The installation crisis
A key flooring industry issue that has been highlighted over the past several years is the looming shortage of quality flooring installers. RFCI was a key contributor and participant in the recently completed installation study conducted by the Floor Covering Leadership Council (FCLC), designed to not only create a common platform for understanding the scope and breadth of the problem, but also to determine some of the barriers and potential solutions. “We did not say our project would solve the problem, but rather serve to inform potential solutions,” Thompson said.

He acknowledged that the research revealed the lack of qualified installers today and more so down the road as a serious problem, both for people who have direct employees and those who engage subcontractors. “The one thing that is pretty clear is the recruitment process will require new thinking and approaches. The historical pathway for installation employees has been family-based where a father had a son who learned the business. That flow of new installers is diminishing rapidly.”

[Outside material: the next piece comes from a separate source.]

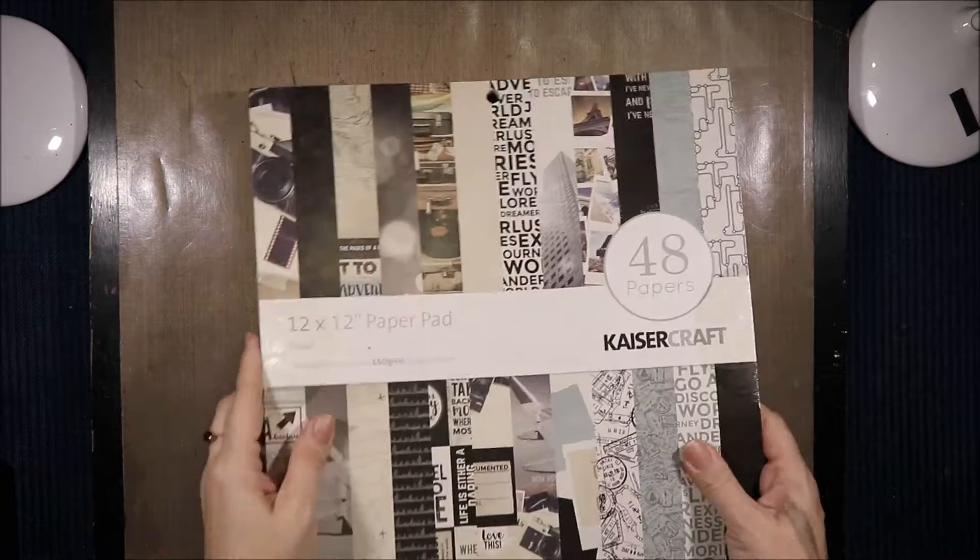Hi! Welcome to ArtyCrafty Alchemy. Today I am sharing with you a haul from Kaisercraft. I'm the ArtyCrafty Alchemist. Let's see what I bought this time.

Another important dynamic is this problem doesn’t exist in a vacuum. “If you look across the trades, whether it’s plumbers, heating and air conditioning, flooring installers, carpenters, framers across the board, there is a shortage of that broad category of trades people. Consequently, you have more people competing for skilled resources, which makes recruiting even more of a challenge.

“Another key factor is the millennials, and how we address this major portion of the labor pool. Their whole thought process about working and jobs is different. They’re not thinking about the trades necessarily.”